An Auxiliary Tank Set-Up by 802 Garage
This is the set-up used by Aaron of 802 Garage to expand the total amount of compressed air available to him while working. The external tank was added to the tank already on the compressor so that both add up to the total amount of air available. To see a list of all of his recommended parts, check the video description.
Additional or upgrade tanks are available to improve capacity on some compressors. This will require a custom set-up and the know-how to attach the tank.

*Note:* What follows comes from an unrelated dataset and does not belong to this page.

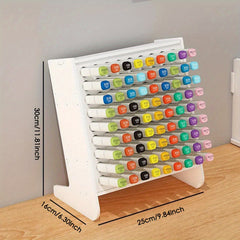 Mark Pen Storage Box Desktop Organizer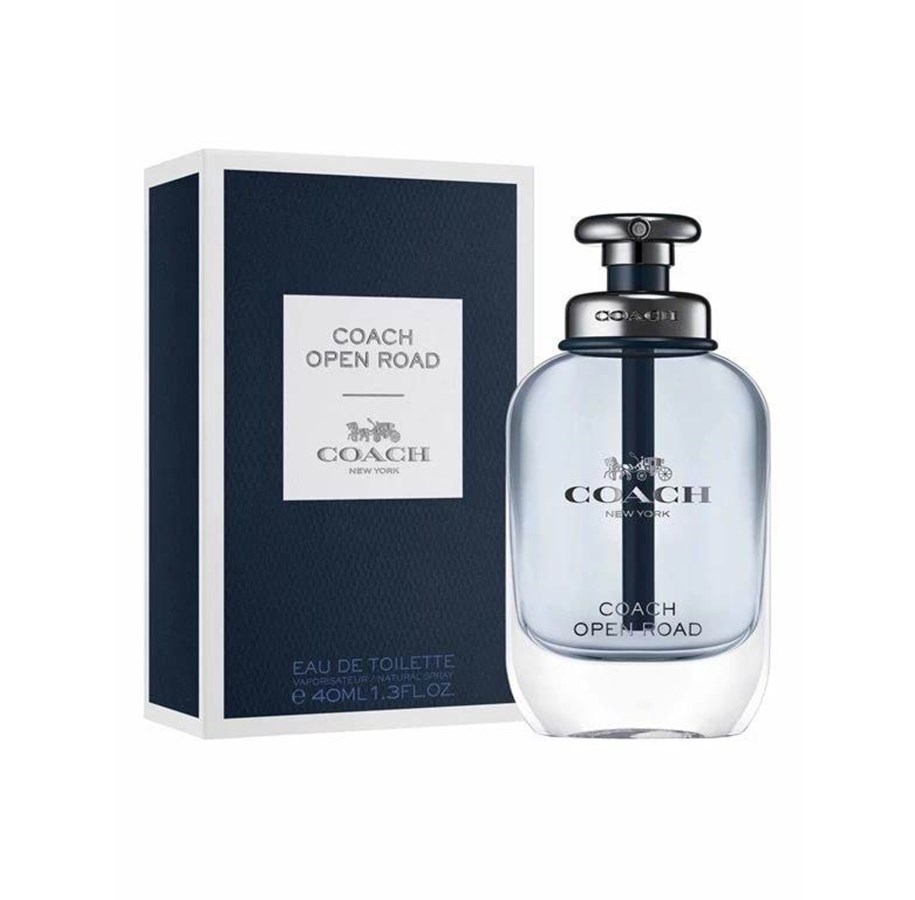 Parfyme & Dufter - Coach Open Road Edt Spray 40ml - 3386460126649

The tank will also have to be rated for more PSI than the compressor is rated for, just in case other factors change what the compressor can do or what the tank is holding, such as a noteworthy change in temperature over time while the tank is at full capaciy.
Due to how they work, it's very difficult to get an air compressor that is quiet, but some are definitely louder than others. Some are equipped with mufflers or other noise dampening devices. Placement within a shop or garage can also affect how audible the sound is.
Power, Pressure, & CFM
While power isn't an exact metric of how much air is moved, it is a requirement for higher pressures and CFM. The pressure will affect the power or speed of attached tools, while CFM will affect how much air it can move over time. If an attached tool uses air at a rapid rate, a high CFM compressor will be able to keep up with it, while a compressor with a lower CFM that can't keep up would mean that the tool would slow down with use, until it is stopped and reserve pressure can be built back up.
If your compressor is just going to sit in one place and never move, its weight isn't a big factor. However, if you plan on moving it around, especially if you intend to drive it places, weight will be an important factor to consider.
Size will matter when it comes to transportation as well, but unlike with weight, it is an important factor if it isn't going to be moved anywhere, because it will take up space in your garage or shop bay.
The smallest possible air compressor would be tankless, but not having a tank to act as a buffer for changes in tool use/requirements won't work well for most automotive tools. A "pancake" style compressor tank is a popular style of compact compressor and tank combo.